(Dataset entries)
>>>

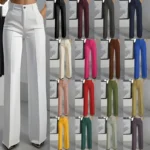Women's High-Waisted Straight-Leg Trousers Formal Office Trousers Slim-Fit Cut - Image 2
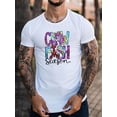thumbnail image 1 of Camiseta creativa con estampado de cangrejo para hombre, informal, de manga corta y cuello redondo, para verano y actividades al aire libre., 1 of 9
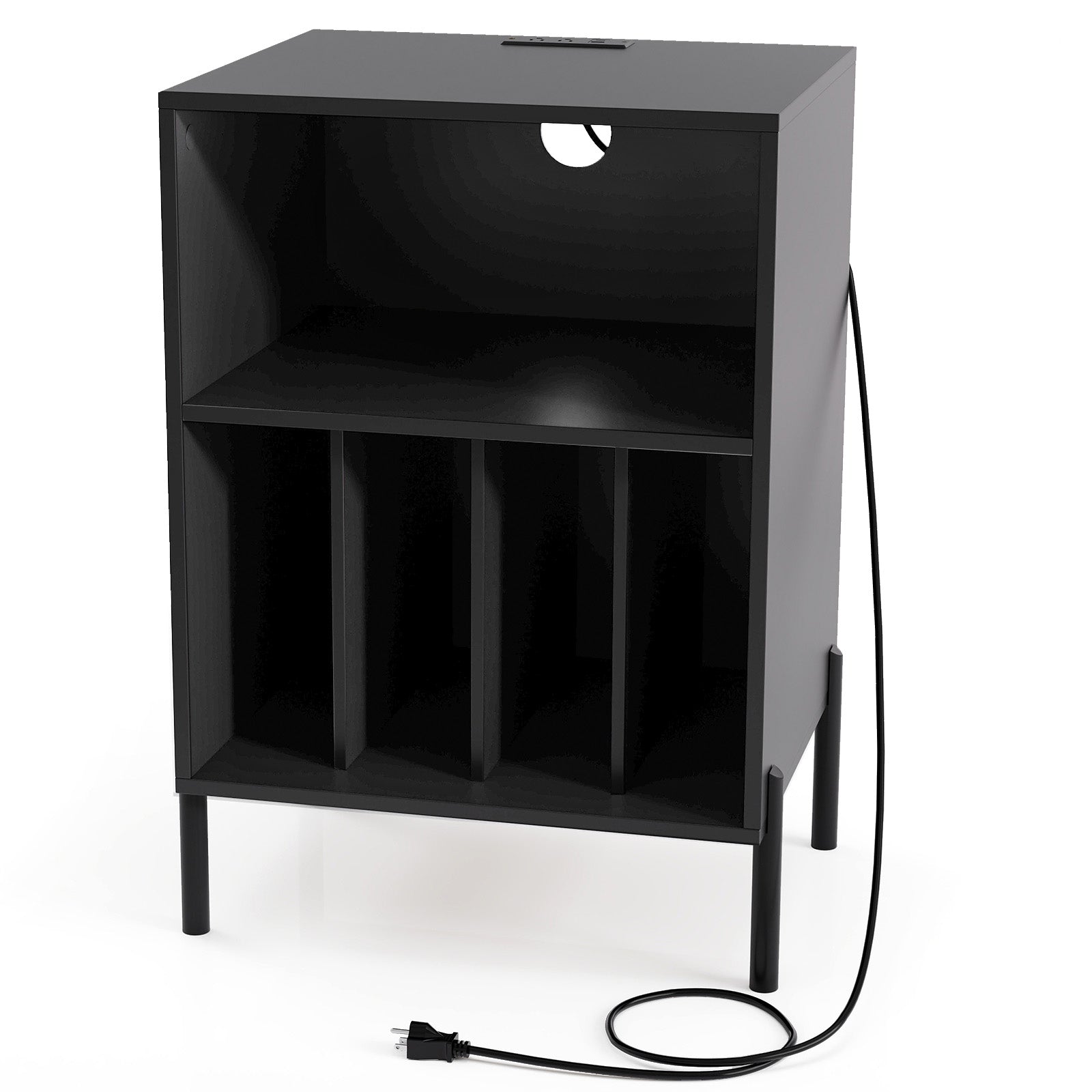 Record Player Stand with Record Storage Shelf and Charging Station, Black End & Side Tables Black at Gallery Canada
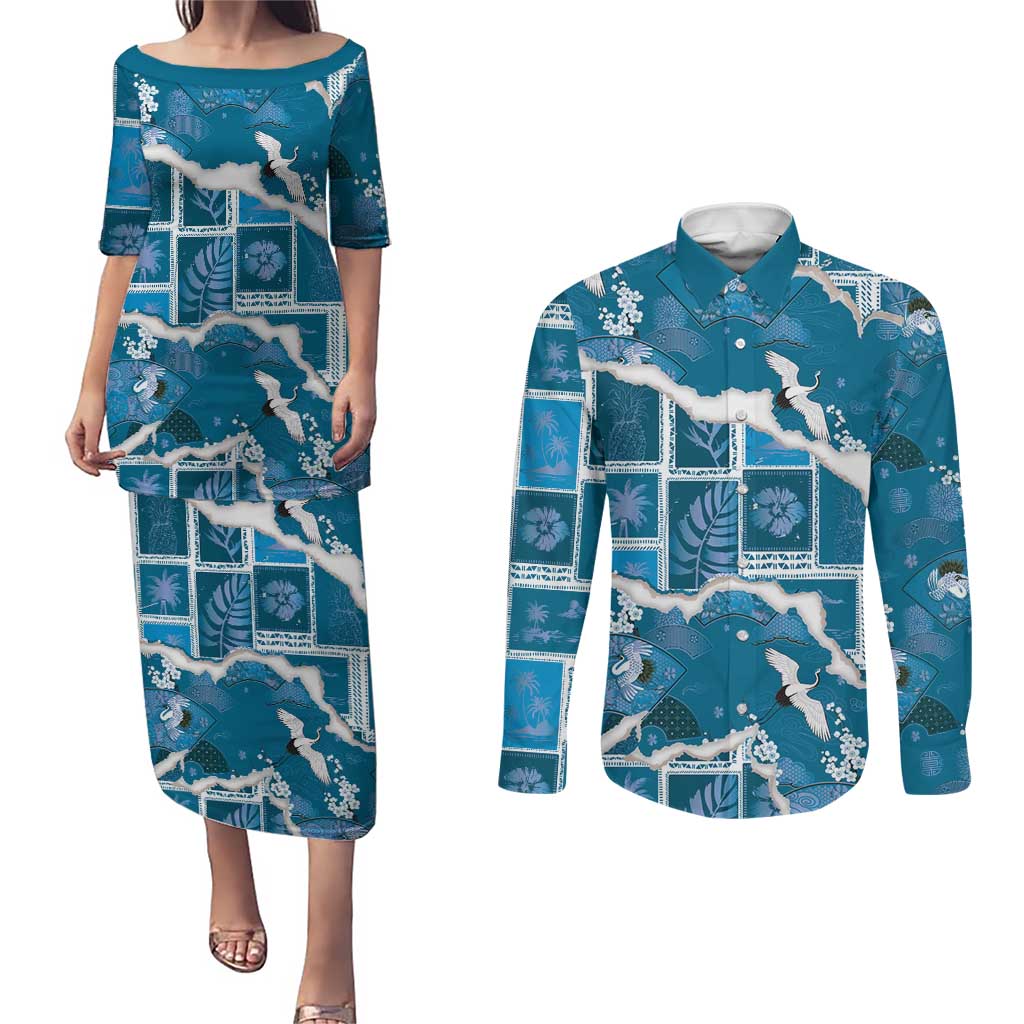 Hawaii Japanese Culture Blue Couples Matching Puletasi and Long Sleeve Button Shirt Spring Cranes Aloha Pattern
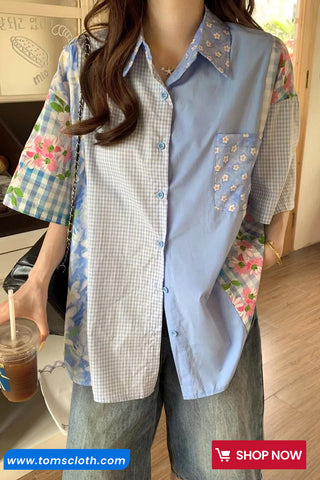 Short Sleeve Two Pattern Combination Blouse Shirts
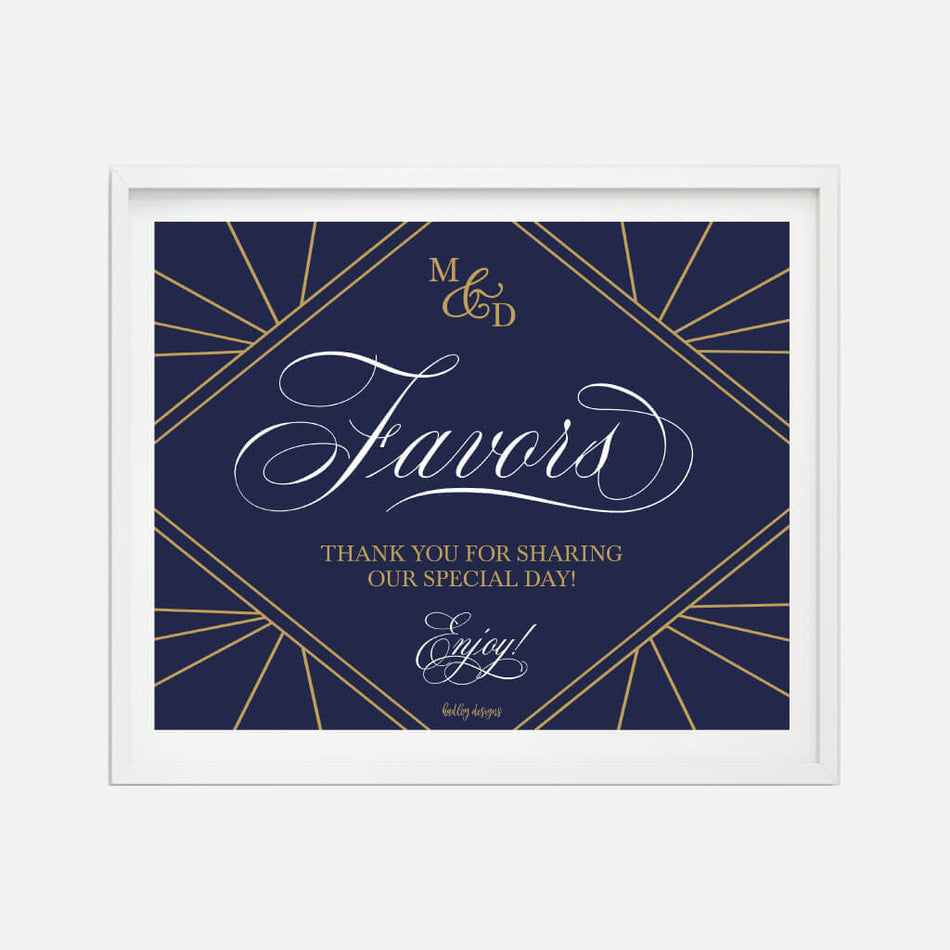 Gatsby Navy Wedding Favors Sign Printable Template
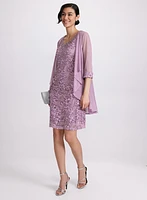 Soutache Embroidered Dress & Jacket Set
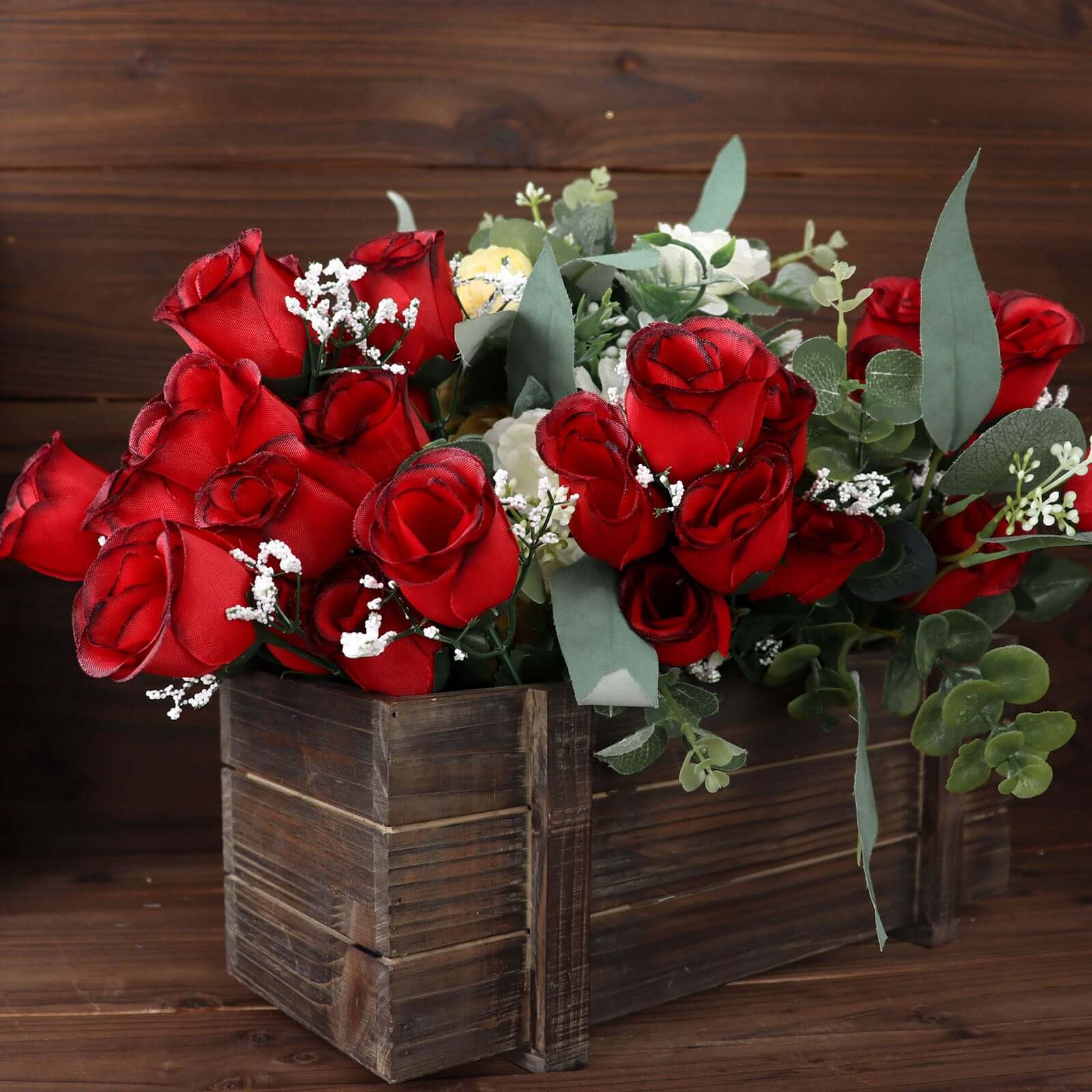 12 Bushes Red, Black Artificial Premium Silk Flower Rose Bud Bouquets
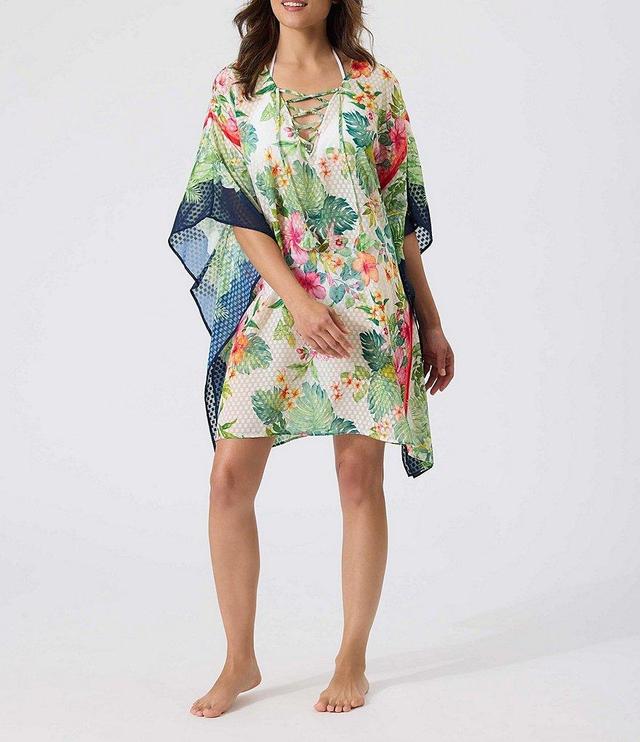 Tommy Bahama Floral Print Short Kimono Tunic Swim Cover-Up Product Image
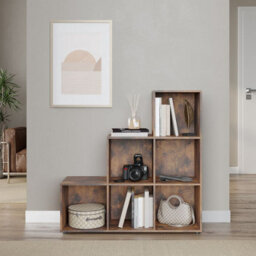 Urbn-Living Urbnliving 90.5Cm Height 6 Cube Step Storage Rustic Brown Bookcase Unit Shelf Home Office Organiser Display Box - thumbnail 1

<<<

(TASK GOAL) Repeat the records above exactly, leaving out any pictures they contain.

(RESPONSE TO THE EXERCISE)
Women's High-Waisted Straight-Leg Trousers Formal Office Trousers Slim-Fit Cut - Image 2
thumbnail image 1 of Camiseta creativa con estampado de cangrejo para hombre, informal, de manga corta y cuello redondo, para verano y actividades al aire libre., 1 of 9
 Record Player Stand with Record Storage Shelf and Charging Station, Black End & Side Tables Black at Gallery Canada
 Hawaii Japanese Culture Blue Couples Matching Puletasi and Long Sleeve Button Shirt Spring Cranes Aloha Pattern
 Short Sleeve Two Pattern Combination Blouse Shirts
 Gatsby Navy Wedding Favors Sign Printable Template
 Soutache Embroidered Dress & Jacket Set
 12 Bushes Red, Black Artificial Premium Silk Flower Rose Bud Bouquets
 Tommy Bahama Floral Print Short Kimono Tunic Swim Cover-Up Product Image
 Urbn-Living Urbnliving 90.5Cm Height 6 Cube Step Storage Rustic Brown Bookcase Unit Shelf Home Office Organiser Display Box - thumbnail 1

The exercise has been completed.